Susanne Cecelia Brenner is an American mathematician, whose research concerns the finite element method and related techniques for the numerical solution of differential equations. She is a Boyd Professor at Louisiana State University. Previously, she held the Nicholson Professorship of Mathematics and the Michael F. and Roberta Nesbit McDonald Professorship at Louisiana State University, She currently chairs the editorial committee of the journal Mathematics of Computation. During 2021-2022 she is serving as President of the Society for Industrial and Applied Mathematics (SIAM).

==Education and career==
Brenner did her undergraduate studies in mathematics and German at West Chester State College and received a master's degree in mathematics from SUNY Stony Brook. She obtained her Ph.D. from the University of Michigan in 1988 under the joint supervision of Jeffrey Rauch and L. Ridgway Scott; her thesis was entitled "Multigrid Methods for Nonconforming Finite Elements".

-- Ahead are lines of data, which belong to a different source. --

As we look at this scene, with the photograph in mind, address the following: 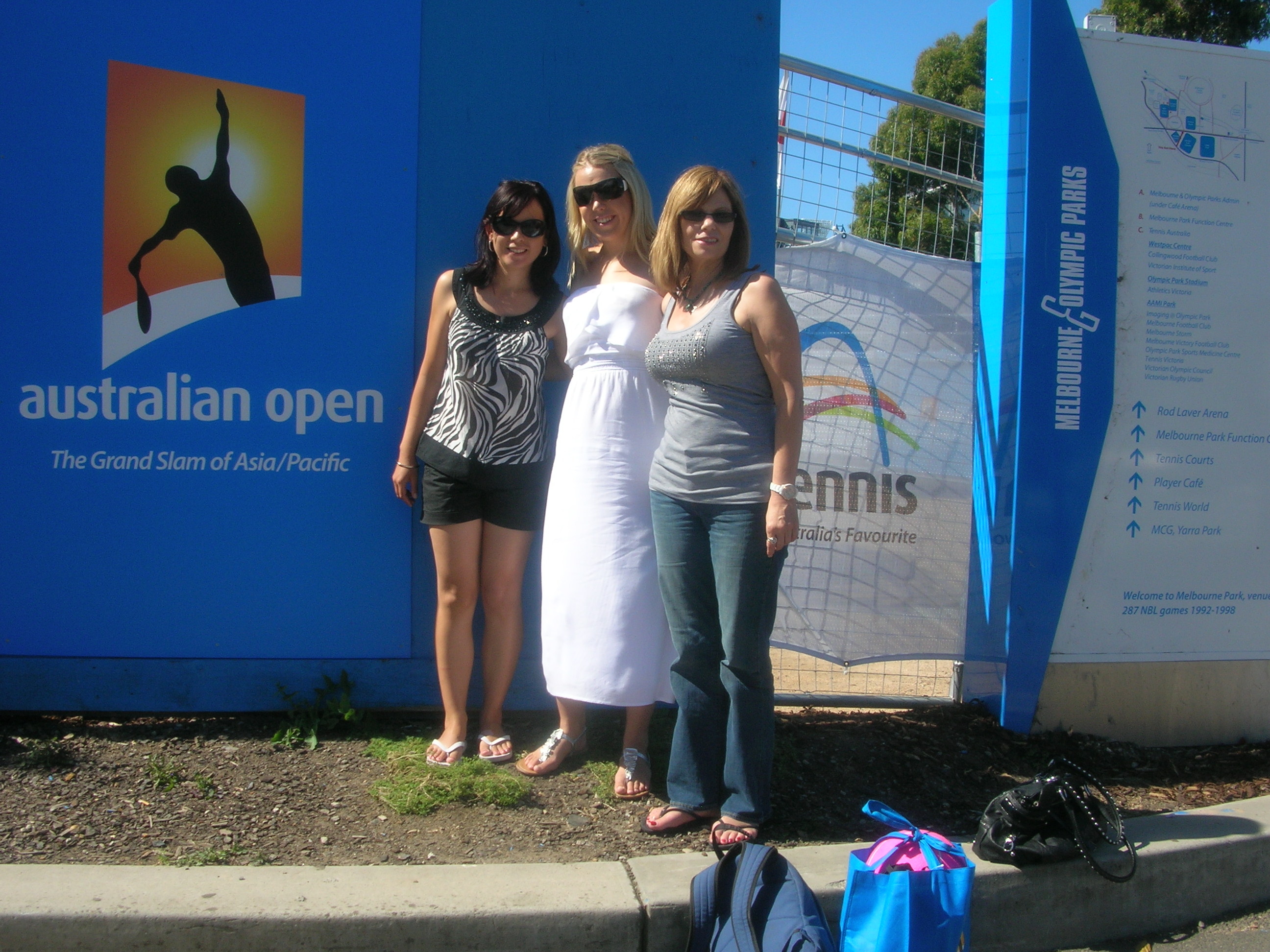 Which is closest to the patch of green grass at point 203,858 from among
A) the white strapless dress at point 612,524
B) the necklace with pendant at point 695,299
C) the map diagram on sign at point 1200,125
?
the white strapless dress at point 612,524

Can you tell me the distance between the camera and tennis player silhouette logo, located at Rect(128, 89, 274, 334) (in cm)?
348

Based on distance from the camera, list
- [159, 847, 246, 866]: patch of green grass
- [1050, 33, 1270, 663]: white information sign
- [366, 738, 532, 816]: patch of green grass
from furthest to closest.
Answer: [1050, 33, 1270, 663]: white information sign, [366, 738, 532, 816]: patch of green grass, [159, 847, 246, 866]: patch of green grass

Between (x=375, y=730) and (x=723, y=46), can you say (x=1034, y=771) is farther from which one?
(x=723, y=46)

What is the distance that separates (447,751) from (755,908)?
4.36 ft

She held faculty positions at Clarkson University and the University of South Carolina before moving to Louisiana State University in 2006.

==Selected publications==

- $C^0$interior penalty methods for fourth order elliptic boundary value problems on polygonal domains. J. Sci. Comput. 22/23 (2005), 83–118.
- Korn's inequalities for piecewise vector fields. Math. Comp. 73 (2004), no. 247, 1067–1087.
- Poincaré-Friedrichs inequalities for piecewise $H^1$functions. SIAM J. Numer. Anal. 41 (2003), no. 1, 306–324.
- with L. R. Scott, The Mathematical Theory of Finite Element Methods (Springer-Verlag, 1994; 3rd edition, 2008).

==Recognition==
She is a fellow of the Society for Industrial and Applied Mathematics, the American Mathematical Society, and the American Association for the Advancement of Science.
The Association for Women in Mathematics has included her in the 2020 class of AWM Fellows for "being a role model nationally and internationally due to her widely-known work in finite element methods; for her promotion of women in mathematics via the Women in Numerical Analysis and Scientific Computing network, as mentor of Ph.D.s, and as advisor of graduate and undergraduate students". Brenner was also awarded a Humboldt Forschungspreis (Humboldt Research Award) from the Alexander von Humboldt Foundation in 2005.

She is included in a deck of playing cards featuring notable women mathematicians published by the Association of Women in Mathematics.